= Ahmet Zenel Gjonbalaj =

Ahmet Zenel Gjonbalaj or Ahmet Zeneli (1803–1893) was an Albanian fighter and commander during the period of the Albanian National Awakening in the 19th century who fought against the Principality of Montenegro's attempts to annex his homeland, Plav-Gusinje, alongside Ali Pasha of Gusinje and other Albanian patriots.

He was born in 1803 in the village of Vusanje (Albanian: Vuthaj) to the south of Gusinje in the Albanian Alps. He was a descendant of the Gjonbalaj brotherhood which traces its ancestry back to the figure of Gjon Bala and his sons; who themselves originated from Nikç in Kelmendi. Ahmeti's father, Zenel Mehmeti, was also a well known fighter and had served under the Ottoman forces against the French-led Morea Expedition.
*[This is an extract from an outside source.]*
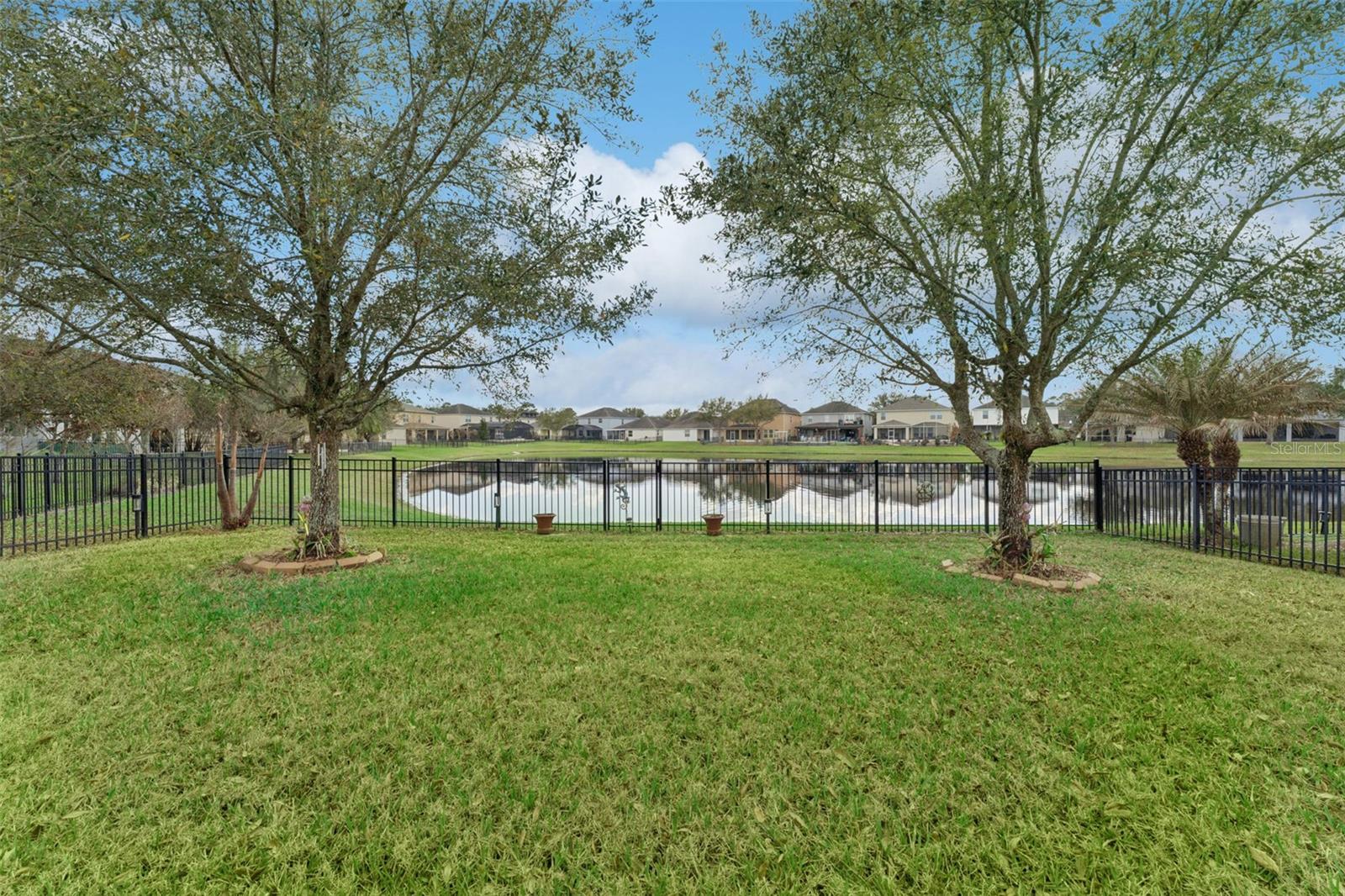 Image 3 of 41 For 10942 High Bush Court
During the 1850s, Ahmet Zeneli was among the Albanian fighters under Ali Pasha of Gusinje tasked with defending Plav and Gusinje from outside invasions.

His son, Mal Ahmeti, fought against Montenegrin invaders in 1879-1880 and continued to fight for in the Battle of Shkodra in 1912. He died at the age of 60, while Ahmet Zeneli died peacefully in his home at the age of 90.